Assignment:
Repeat the whole listing below precisely. Omit all pictures.

Data provided:
● ● ● ● ●
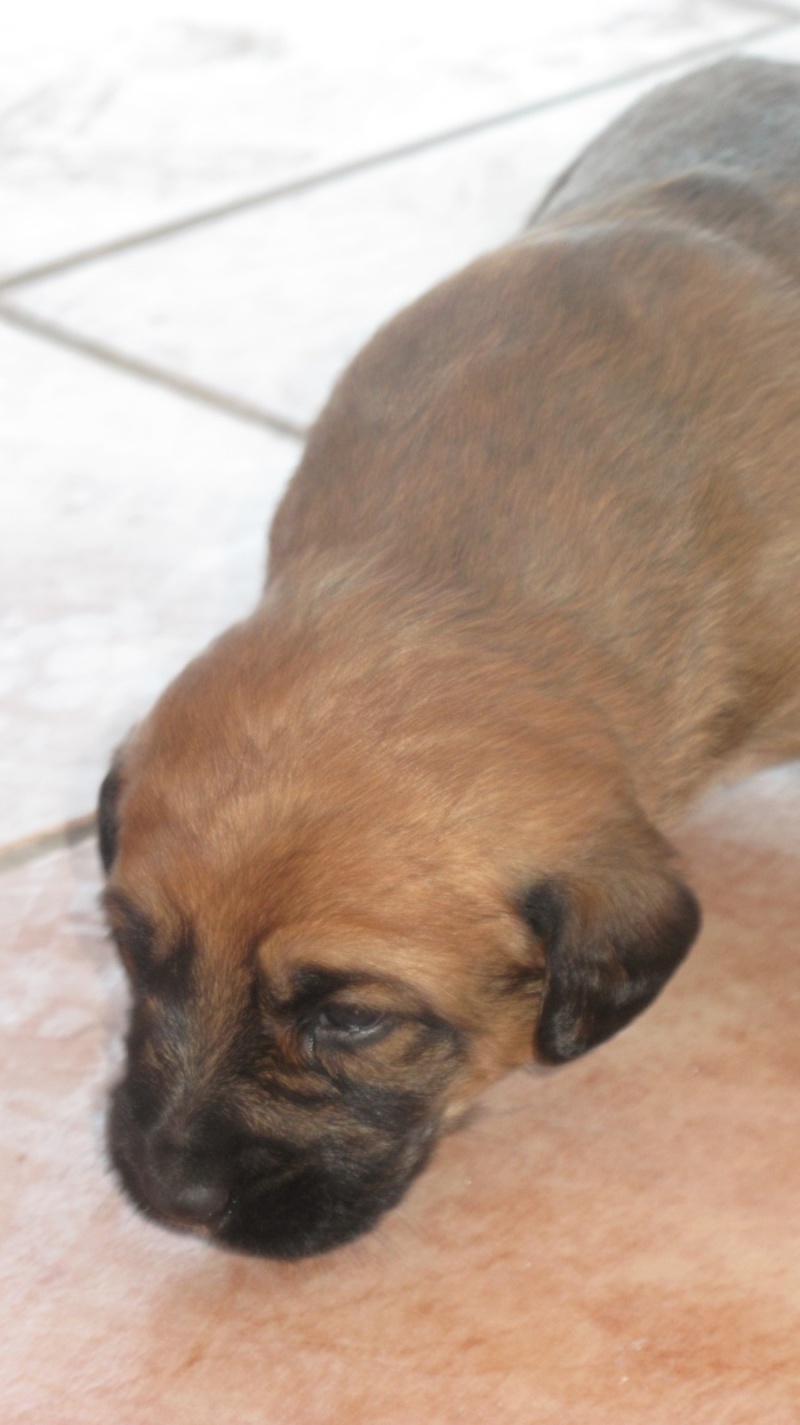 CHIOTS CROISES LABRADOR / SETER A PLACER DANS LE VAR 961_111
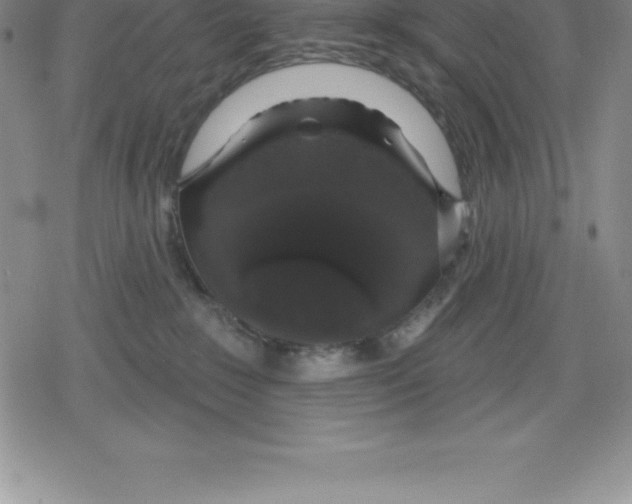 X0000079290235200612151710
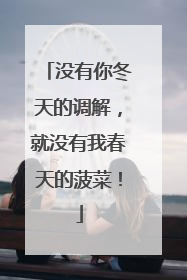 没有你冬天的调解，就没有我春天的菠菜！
● ● ● ● ●
Task solution:
 CHIOTS CROISES LABRADOR / SETER A PLACER DANS LE VAR 961_111
 X0000079290235200612151710
 没有你冬天的调解，就没有我春天的菠菜！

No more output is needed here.